As Jill stepped away, I relived that first flattop. Aldo turned on those clippers and started to remove the hair from the right side of my head. When I saw the stubble begin to emerge, I felt a sense of fear, but I knew I had to do this. I tried to relax as he stripped away the locks that girls and women had fawned over for the last decade of my life and that I had enjoyed preening and having pampered. I saw my ears, no hair touching them, no hair behind them. My head looked so different! Aldo put down the clippers now that my back and sides were pretty much history. He picked up his shears and a long comb and cut off what looked like all but an inch of my hair in front and continued to do this all the way back. Then he wet my hair and put some kind of substance on it and dried it so that what was left stood straight up. Now, I was getting an idea of that I would look like. Well, none of the guys would be calling me a "pretty boy" anymore. I looked a lot more--unfashionable? What had Robby said one time? "People can take me as I am, what they see is what they get." Aldo then got this flat comb, told me to sit very still and started going over the top, forming the final haircut. Being such a big change, it took a long time. Finally, though, he cleaned up the edges, removing the vestiges of my sideburns, and lovely long hairline in the back. He worked some wax in and brushed the front and…

"Earth to Andy, Earth to Andy…"

"Oh, sorry Jill, I was thinking back to that first flattop. Is everything OK?"

"Yes, my flight has been changed to a more decent hour, so I’ve forced us into an early dinner for nothing. Shall we have coffee and perhaps an after-dinner drink?"
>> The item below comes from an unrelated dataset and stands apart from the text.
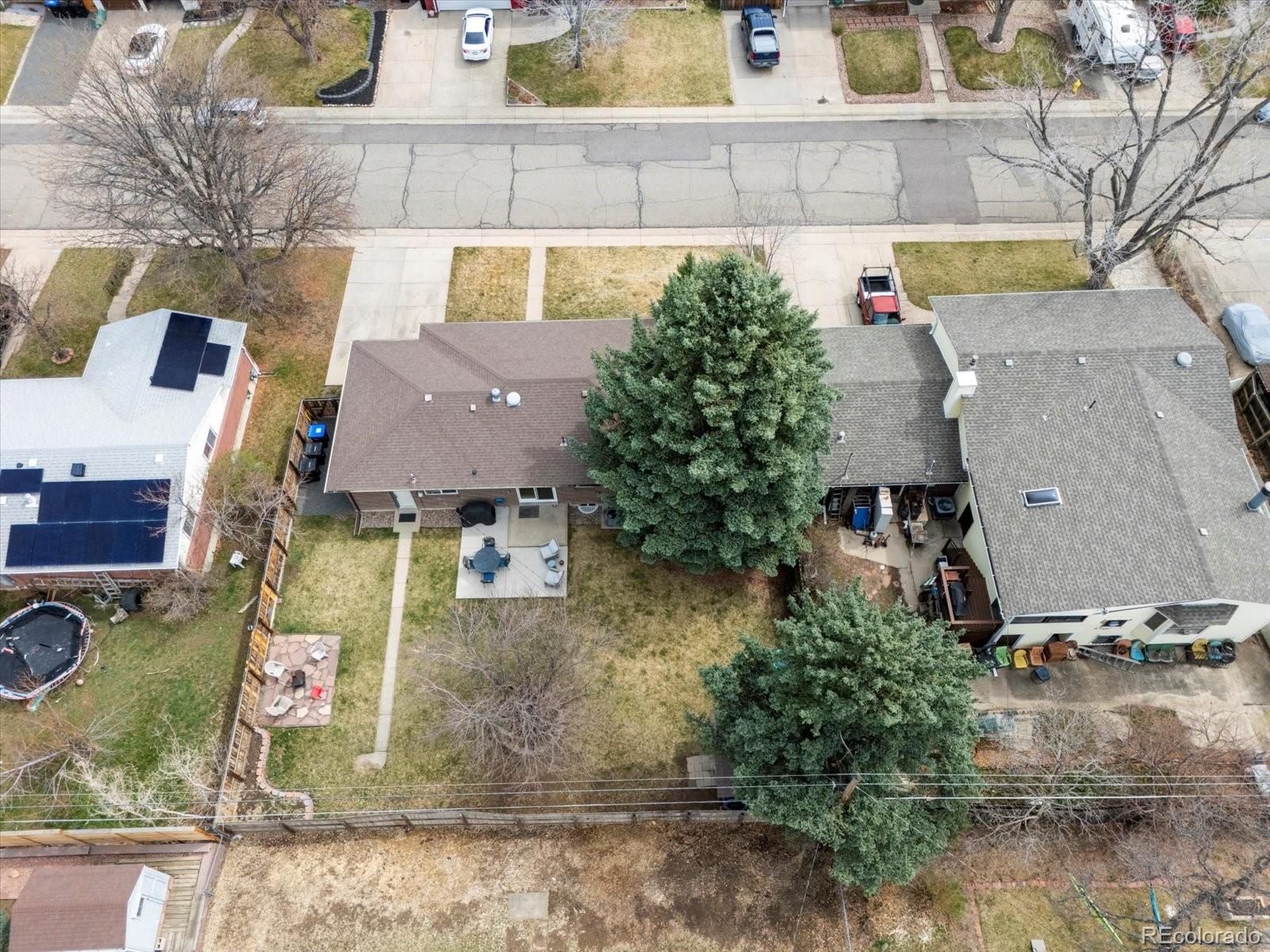 MLS Image #26 for 5875  urban street,arvada, Colorado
"That sounds good. (I signaled the waiter and he took our coffee order.) As to your last question. The first several months, I was on sort of a "commitment high." I was enjoying this new experience, the new sensations. The simpler hair care regime, etc. But it was an adjustment. My ego was much more sensitive than I had ever imagined. I had not changed, but perceptions of me had changed. Jill blushed a bit. Oh, that wasn’t a dig at you. I chose to have this haircut. If that means I have to work a little harder to let people know what I am about, then maybe, that is another gift Robby left me. Humility can be a good thing. Short hair is a lot less unusual than it used to be. I’ve been mistaken for military, cop, firefighter, gay, you name it. I’m used to it. But, anyway, that is the story of why I have what I believe you called ‘my cop haircut’" I said with a smile.
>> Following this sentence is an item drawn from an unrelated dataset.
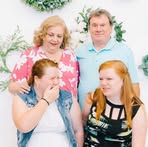 Lisa Fuson - Facebook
"Andy, you are an incredible guy," Jill said to me. I am touched by your and Robby’s stories. If I would have met you with your long hair, I have to tell you, I would have been the one asking you out. I’ve learned an important lesson tonight. You are exactly the kind of man I want to have a relationship with. I’ve let my preconceived notions about something that is simply a personal choice keep me from getting to know you for far too long."
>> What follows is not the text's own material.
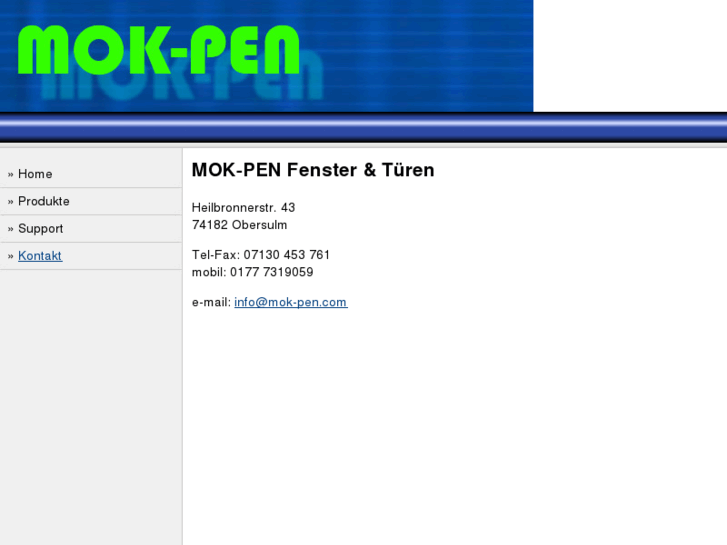 www.mok-pen.com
As we left the restaurant that night, Jill said, "I hope I’m not being too forward, but may I see what it feels like?" I took her hand and ran it up and down my stubbly sides and back. The electric thrill that brings me was intensified by her gentle hands. Then she softly ran her hand across the deck. "Little Andy" was getting more than a bit excited at this point. "Oh, that feels nice, a girl could get used to that."

"O.K., now it’s my turn to be a bit forward. Can I see you again when you get back in town and may I kiss you goodnight?"

Fast forward five years, Jill and I are married and we both got the opportunity for new jobs in the Washington, DC area. I was sorry to leave my friends at the TV station and Aldo, but with the Pentagon and all the military presence in the DC metro area, there is not shortage of good barbers. We have twins, Robert Aldo (Robby) and John Andrew (we call Jack) and no, these rambunctious toddlers do not have flattops. We’re going to let them be who they are going to be and just try to raise them to be the kind of people we strive to be.